# Assignment:
Keep every word of the listing and reproduce it exactly, but set aside any image found there.

# Given material:
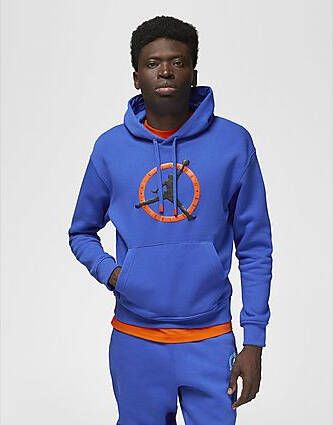 Nike Jordan Flight MVP Fleecetrui met graphic voor heren Game Royal- Heren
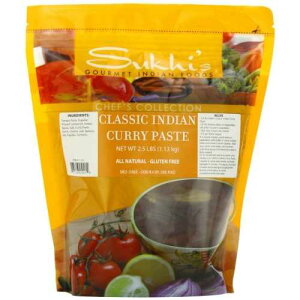 ?? ??? ?? ?? ?? ????, ??? ??, 2.5??? Sukhi's Gourmet Indian Curry Paste, Classic Indian 2.5 Pound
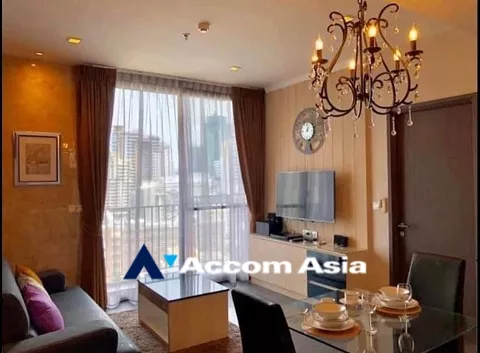  1 Bedroom  Condominium For Rent & Sale in Sukhumvit, Bangkok  near BTS Asok - MRT Sukhumvit (AA24432)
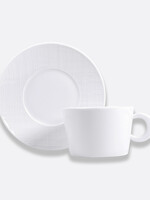 Bernardaud Organza Breakfast Cup & Saucer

# Output:
 Nike Jordan Flight MVP Fleecetrui met graphic voor heren Game Royal- Heren
 ?? ??? ?? ?? ?? ????, ??? ??, 2.5??? Sukhi's Gourmet Indian Curry Paste, Classic Indian 2.5 Pound
  1 Bedroom  Condominium For Rent & Sale in Sukhumvit, Bangkok  near BTS Asok - MRT Sukhumvit (AA24432)
 Bernardaud Organza Breakfast Cup & Saucer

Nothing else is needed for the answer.